Action item
Could you set down every record exactly as it appears?

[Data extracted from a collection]
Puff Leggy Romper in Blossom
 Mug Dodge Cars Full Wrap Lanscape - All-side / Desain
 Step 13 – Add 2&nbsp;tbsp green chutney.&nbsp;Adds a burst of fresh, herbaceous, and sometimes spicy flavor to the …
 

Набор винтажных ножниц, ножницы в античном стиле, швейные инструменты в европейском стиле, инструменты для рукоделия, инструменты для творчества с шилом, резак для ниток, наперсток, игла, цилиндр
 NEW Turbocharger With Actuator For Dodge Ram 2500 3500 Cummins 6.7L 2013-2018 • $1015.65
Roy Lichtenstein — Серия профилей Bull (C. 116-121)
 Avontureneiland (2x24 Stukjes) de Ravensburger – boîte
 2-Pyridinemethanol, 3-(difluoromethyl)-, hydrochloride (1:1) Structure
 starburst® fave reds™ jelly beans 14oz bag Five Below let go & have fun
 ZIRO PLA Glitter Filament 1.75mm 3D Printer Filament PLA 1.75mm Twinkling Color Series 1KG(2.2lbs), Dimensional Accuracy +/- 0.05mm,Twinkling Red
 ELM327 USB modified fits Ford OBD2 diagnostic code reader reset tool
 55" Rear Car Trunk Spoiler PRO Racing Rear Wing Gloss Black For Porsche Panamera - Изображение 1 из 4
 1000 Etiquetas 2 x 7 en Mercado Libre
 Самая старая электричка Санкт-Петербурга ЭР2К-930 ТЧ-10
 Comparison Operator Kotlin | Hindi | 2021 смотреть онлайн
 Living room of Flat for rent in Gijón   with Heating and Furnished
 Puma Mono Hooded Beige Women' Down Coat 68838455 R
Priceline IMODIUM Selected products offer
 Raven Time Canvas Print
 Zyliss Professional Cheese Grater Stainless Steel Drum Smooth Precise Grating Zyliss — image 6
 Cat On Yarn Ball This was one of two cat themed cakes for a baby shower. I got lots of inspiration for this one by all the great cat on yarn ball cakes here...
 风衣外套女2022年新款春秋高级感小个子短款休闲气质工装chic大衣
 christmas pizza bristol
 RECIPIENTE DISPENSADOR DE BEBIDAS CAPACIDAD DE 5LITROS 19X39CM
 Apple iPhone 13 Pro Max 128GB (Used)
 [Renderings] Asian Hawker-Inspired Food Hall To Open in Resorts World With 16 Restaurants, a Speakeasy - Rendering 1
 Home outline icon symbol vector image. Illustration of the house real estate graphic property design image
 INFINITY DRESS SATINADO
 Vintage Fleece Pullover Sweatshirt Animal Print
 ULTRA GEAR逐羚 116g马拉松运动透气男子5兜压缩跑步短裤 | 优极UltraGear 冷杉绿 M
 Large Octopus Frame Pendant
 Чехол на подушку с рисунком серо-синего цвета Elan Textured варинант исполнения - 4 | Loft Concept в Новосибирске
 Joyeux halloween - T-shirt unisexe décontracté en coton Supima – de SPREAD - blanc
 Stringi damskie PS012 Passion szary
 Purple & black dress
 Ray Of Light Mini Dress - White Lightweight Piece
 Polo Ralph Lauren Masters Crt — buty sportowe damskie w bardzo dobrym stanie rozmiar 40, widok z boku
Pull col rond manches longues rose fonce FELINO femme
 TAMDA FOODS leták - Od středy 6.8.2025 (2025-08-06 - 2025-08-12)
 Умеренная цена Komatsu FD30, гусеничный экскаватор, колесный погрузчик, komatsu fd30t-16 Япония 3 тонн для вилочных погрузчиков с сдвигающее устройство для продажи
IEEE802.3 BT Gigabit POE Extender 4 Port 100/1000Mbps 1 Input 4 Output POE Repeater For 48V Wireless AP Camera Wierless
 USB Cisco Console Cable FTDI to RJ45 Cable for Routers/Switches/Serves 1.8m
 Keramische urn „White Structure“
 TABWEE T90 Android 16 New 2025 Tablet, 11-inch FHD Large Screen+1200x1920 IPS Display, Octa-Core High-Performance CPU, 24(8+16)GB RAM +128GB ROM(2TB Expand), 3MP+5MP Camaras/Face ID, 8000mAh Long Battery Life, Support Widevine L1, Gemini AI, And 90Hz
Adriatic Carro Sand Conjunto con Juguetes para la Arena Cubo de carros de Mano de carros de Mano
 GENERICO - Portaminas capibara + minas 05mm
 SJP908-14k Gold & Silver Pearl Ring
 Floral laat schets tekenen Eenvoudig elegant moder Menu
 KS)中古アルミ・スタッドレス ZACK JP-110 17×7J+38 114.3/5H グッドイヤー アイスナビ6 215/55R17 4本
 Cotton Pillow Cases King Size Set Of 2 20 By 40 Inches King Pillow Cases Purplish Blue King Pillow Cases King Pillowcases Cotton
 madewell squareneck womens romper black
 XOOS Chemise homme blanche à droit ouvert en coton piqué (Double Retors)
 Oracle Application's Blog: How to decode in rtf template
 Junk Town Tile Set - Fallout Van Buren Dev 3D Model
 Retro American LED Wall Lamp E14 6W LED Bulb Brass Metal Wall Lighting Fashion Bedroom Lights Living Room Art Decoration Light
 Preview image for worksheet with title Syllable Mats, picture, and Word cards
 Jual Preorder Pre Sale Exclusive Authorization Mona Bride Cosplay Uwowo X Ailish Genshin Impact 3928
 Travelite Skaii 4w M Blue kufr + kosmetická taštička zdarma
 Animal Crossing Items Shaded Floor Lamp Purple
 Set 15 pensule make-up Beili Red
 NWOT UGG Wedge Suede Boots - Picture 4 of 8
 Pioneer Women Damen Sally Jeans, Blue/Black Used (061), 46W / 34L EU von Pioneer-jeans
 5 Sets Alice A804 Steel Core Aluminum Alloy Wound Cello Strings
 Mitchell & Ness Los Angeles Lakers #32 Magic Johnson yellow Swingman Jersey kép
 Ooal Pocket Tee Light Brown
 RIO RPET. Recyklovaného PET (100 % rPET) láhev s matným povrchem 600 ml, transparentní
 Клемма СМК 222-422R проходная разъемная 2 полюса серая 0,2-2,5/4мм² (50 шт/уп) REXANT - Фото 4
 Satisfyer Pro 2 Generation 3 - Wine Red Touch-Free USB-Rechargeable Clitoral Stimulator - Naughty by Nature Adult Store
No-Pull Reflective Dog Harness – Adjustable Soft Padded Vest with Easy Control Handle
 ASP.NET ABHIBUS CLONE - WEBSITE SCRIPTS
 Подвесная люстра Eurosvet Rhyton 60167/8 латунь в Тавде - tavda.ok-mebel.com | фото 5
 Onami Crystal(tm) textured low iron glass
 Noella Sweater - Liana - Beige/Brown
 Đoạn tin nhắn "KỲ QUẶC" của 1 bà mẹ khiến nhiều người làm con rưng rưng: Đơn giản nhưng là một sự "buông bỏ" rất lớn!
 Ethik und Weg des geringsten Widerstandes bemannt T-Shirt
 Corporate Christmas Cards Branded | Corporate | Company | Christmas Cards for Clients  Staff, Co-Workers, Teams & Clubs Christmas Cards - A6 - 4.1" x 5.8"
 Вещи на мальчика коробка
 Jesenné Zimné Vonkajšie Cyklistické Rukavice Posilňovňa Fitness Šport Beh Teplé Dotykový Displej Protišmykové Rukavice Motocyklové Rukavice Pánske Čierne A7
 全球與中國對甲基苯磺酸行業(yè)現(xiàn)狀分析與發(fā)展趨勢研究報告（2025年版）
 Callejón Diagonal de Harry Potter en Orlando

Response area
Puff Leggy Romper in Blossom
 Mug Dodge Cars Full Wrap Lanscape - All-side / Desain
 Step 13 – Add 2&nbsp;tbsp green chutney.&nbsp;Adds a burst of fresh, herbaceous, and sometimes spicy flavor to the …
 

Набор винтажных ножниц, ножницы в античном стиле, швейные инструменты в европейском стиле, инструменты для рукоделия, инструменты для творчества с шилом, резак для ниток, наперсток, игла, цилиндр
 NEW Turbocharger With Actuator For Dodge Ram 2500 3500 Cummins 6.7L 2013-2018 • $1015.65
Roy Lichtenstein — Серия профилей Bull (C. 116-121)
 Avontureneiland (2x24 Stukjes) de Ravensburger – boîte
 2-Pyridinemethanol, 3-(difluoromethyl)-, hydrochloride (1:1) Structure
 starburst® fave reds™ jelly beans 14oz bag Five Below let go & have fun
 ZIRO PLA Glitter Filament 1.75mm 3D Printer Filament PLA 1.75mm Twinkling Color Series 1KG(2.2lbs), Dimensional Accuracy +/- 0.05mm,Twinkling Red
 ELM327 USB modified fits Ford OBD2 diagnostic code reader reset tool
 55" Rear Car Trunk Spoiler PRO Racing Rear Wing Gloss Black For Porsche Panamera - Изображение 1 из 4
 1000 Etiquetas 2 x 7 en Mercado Libre
 Самая старая электричка Санкт-Петербурга ЭР2К-930 ТЧ-10
 Comparison Operator Kotlin | Hindi | 2021 смотреть онлайн
 Living room of Flat for rent in Gijón   with Heating and Furnished
 Puma Mono Hooded Beige Women' Down Coat 68838455 R
Priceline IMODIUM Selected products offer
 Raven Time Canvas Print
 Zyliss Professional Cheese Grater Stainless Steel Drum Smooth Precise Grating Zyliss — image 6
 Cat On Yarn Ball This was one of two cat themed cakes for a baby shower. I got lots of inspiration for this one by all the great cat on yarn ball cakes here...
 风衣外套女2022年新款春秋高级感小个子短款休闲气质工装chic大衣
 christmas pizza bristol
 RECIPIENTE DISPENSADOR DE BEBIDAS CAPACIDAD DE 5LITROS 19X39CM
 Apple iPhone 13 Pro Max 128GB (Used)
 [Renderings] Asian Hawker-Inspired Food Hall To Open in Resorts World With 16 Restaurants, a Speakeasy - Rendering 1
 Home outline icon symbol vector image. Illustration of the house real estate graphic property design image
 INFINITY DRESS SATINADO
 Vintage Fleece Pullover Sweatshirt Animal Print
 ULTRA GEAR逐羚 116g马拉松运动透气男子5兜压缩跑步短裤 | 优极UltraGear 冷杉绿 M
 Large Octopus Frame Pendant
 Чехол на подушку с рисунком серо-синего цвета Elan Textured варинант исполнения - 4 | Loft Concept в Новосибирске
 Joyeux halloween - T-shirt unisexe décontracté en coton Supima – de SPREAD - blanc
 Stringi damskie PS012 Passion szary
 Purple & black dress
 Ray Of Light Mini Dress - White Lightweight Piece
 Polo Ralph Lauren Masters Crt — buty sportowe damskie w bardzo dobrym stanie rozmiar 40, widok z boku
Pull col rond manches longues rose fonce FELINO femme
 TAMDA FOODS leták - Od středy 6.8.2025 (2025-08-06 - 2025-08-12)
 Умеренная цена Komatsu FD30, гусеничный экскаватор, колесный погрузчик, komatsu fd30t-16 Япония 3 тонн для вилочных погрузчиков с сдвигающее устройство для продажи
IEEE802.3 BT Gigabit POE Extender 4 Port 100/1000Mbps 1 Input 4 Output POE Repeater For 48V Wireless AP Camera Wierless
 USB Cisco Console Cable FTDI to RJ45 Cable for Routers/Switches/Serves 1.8m
 Keramische urn „White Structure“
 TABWEE T90 Android 16 New 2025 Tablet, 11-inch FHD Large Screen+1200x1920 IPS Display, Octa-Core High-Performance CPU, 24(8+16)GB RAM +128GB ROM(2TB Expand), 3MP+5MP Camaras/Face ID, 8000mAh Long Battery Life, Support Widevine L1, Gemini AI, And 90Hz
Adriatic Carro Sand Conjunto con Juguetes para la Arena Cubo de carros de Mano de carros de Mano
 GENERICO - Portaminas capibara + minas 05mm
 SJP908-14k Gold & Silver Pearl Ring
 Floral laat schets tekenen Eenvoudig elegant moder Menu
 KS)中古アルミ・スタッドレス ZACK JP-110 17×7J+38 114.3/5H グッドイヤー アイスナビ6 215/55R17 4本
 Cotton Pillow Cases King Size Set Of 2 20 By 40 Inches King Pillow Cases Purplish Blue King Pillow Cases King Pillowcases Cotton
 madewell squareneck womens romper black
 XOOS Chemise homme blanche à droit ouvert en coton piqué (Double Retors)
 Oracle Application's Blog: How to decode in rtf template
 Junk Town Tile Set - Fallout Van Buren Dev 3D Model
 Retro American LED Wall Lamp E14 6W LED Bulb Brass Metal Wall Lighting Fashion Bedroom Lights Living Room Art Decoration Light
 Preview image for worksheet with title Syllable Mats, picture, and Word cards
 Jual Preorder Pre Sale Exclusive Authorization Mona Bride Cosplay Uwowo X Ailish Genshin Impact 3928
 Travelite Skaii 4w M Blue kufr + kosmetická taštička zdarma
 Animal Crossing Items Shaded Floor Lamp Purple
 Set 15 pensule make-up Beili Red
 NWOT UGG Wedge Suede Boots - Picture 4 of 8
 Pioneer Women Damen Sally Jeans, Blue/Black Used (061), 46W / 34L EU von Pioneer-jeans
 5 Sets Alice A804 Steel Core Aluminum Alloy Wound Cello Strings
 Mitchell & Ness Los Angeles Lakers #32 Magic Johnson yellow Swingman Jersey kép
 Ooal Pocket Tee Light Brown
 RIO RPET. Recyklovaného PET (100 % rPET) láhev s matným povrchem 600 ml, transparentní
 Клемма СМК 222-422R проходная разъемная 2 полюса серая 0,2-2,5/4мм² (50 шт/уп) REXANT - Фото 4
 Satisfyer Pro 2 Generation 3 - Wine Red Touch-Free USB-Rechargeable Clitoral Stimulator - Naughty by Nature Adult Store
No-Pull Reflective Dog Harness – Adjustable Soft Padded Vest with Easy Control Handle
 ASP.NET ABHIBUS CLONE - WEBSITE SCRIPTS
 Подвесная люстра Eurosvet Rhyton 60167/8 латунь в Тавде - tavda.ok-mebel.com | фото 5
 Onami Crystal(tm) textured low iron glass
 Noella Sweater - Liana - Beige/Brown
 Đoạn tin nhắn "KỲ QUẶC" của 1 bà mẹ khiến nhiều người làm con rưng rưng: Đơn giản nhưng là một sự "buông bỏ" rất lớn!
 Ethik und Weg des geringsten Widerstandes bemannt T-Shirt
 Corporate Christmas Cards Branded | Corporate | Company | Christmas Cards for Clients  Staff, Co-Workers, Teams & Clubs Christmas Cards - A6 - 4.1" x 5.8"
 Вещи на мальчика коробка
 Jesenné Zimné Vonkajšie Cyklistické Rukavice Posilňovňa Fitness Šport Beh Teplé Dotykový Displej Protišmykové Rukavice Motocyklové Rukavice Pánske Čierne A7
 全球與中國對甲基苯磺酸行業(yè)現(xiàn)狀分析與發(fā)展趨勢研究報告（2025年版）
 Callejón Diagonal de Harry Potter en Orlando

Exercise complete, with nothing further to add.